Some ( not all, not even most) people have a pension provided by their employer in addition to SS and whatever they have saved for retirement. My pension will be approximately 66% of my final salary - and it would be spectacularly stupid for me to forgo collecting tens of thousands of dollars a year just so my SS benefits aren’t taxable.

It could also be people who don’t earn a lot of money. You’re mistaken in thinking that they might not also try to plan for retirement. Also, like I said, it could be taking a lower wage by doing some work for a non-profit, doing a little teaching, all sorts of things. And not everyone is driven by maximum profits - $38k in your pocket a year, probably while not having a mortgage, is a pretty nice life.

Especially since you really can’t guarantee that you’ll get all that extra money from deferring back, if you don’t live long enough.

In the UK lots of people also have an employer-based pension and/or a private pension as well the state pension, but they’re all called pensions. So talk of not drawing your pension, while, well, drawing your pension, is a bit odd to me. Not really relevant to this thread, which is about the US, and probably interesting only to me!
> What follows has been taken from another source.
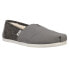 TOMS Alpargata Slip On Mens Grey Casual Shoes 10009205T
I was going to write something like this, but you said it better.
The Monte Carlo analysis was the most useful thing our adviser did for us. And I think of how much cash flow do I need from investments after SS money. Just before I retired, we analyzed our spending for the year, since it seemed what we wanted to spend each year was a lot less than my income after taxes. Turns out we were saving the rest and our idea of our spending was spot on. Credit card statements and bank statements make this fairly easy.

We are getting SS now. Since my wife’s age 70 SS payment is less than half my age 66 one, she started hers and I’m collecting spousal benefits. Later this year when I hit 70 I’ll collect mine and she will collect spousal benefits. We did this before she turned 66. I ran a spreadsheet, and it turned out since she was effectively dying at 69 in terms of collecting, starting early made sense.

For younger USAians following along, this really neat do-si-doe maneuver with spousal benefit has since been closed off. Given the ages he reports, @Voyager and Mrs V got in just under the wire to make that work.

Us younger folks can’t do that [take spousal benefits while letting your own keep growing then switch once they’ve grown] trick.

I’m sort of in @doreen’s boat, or that of her dentist. Post- my fulltime work and post- my full retirement age any SS benefits I ever collect will be 85% taxable, period. Just because of where I sit on the SES scale. Any wages I earn doing something else won’t alter that.

But if I was farther down the scale where my post-retirement part-time work could create “bracket creep” as to SS taxability, there’s still a real narrow window where it’d make sense to forego current income to keep below a bracket border.

The fact SS is taxed at 0, 50%, or 85% of whatever SS you receive, with no phase-ins at the cutoffs, means there’s a narrow slice of income range just below each cutoff where earning enough to push you into that narrow range will leave you worse off after taxes until you’ve grown your income a little ways up beyond the edge of that range.

It’s smart to avoid those narrow windows. But if you can earn enough at your fun part-time gig to exceed the upper limit you might well enjoy that more than staying below the lower limit.

IOW It’s kinda hard to have a 2-day-per-month high wage PT job. It’s pretty easy to have a 2-day-per-week mid wage PT job.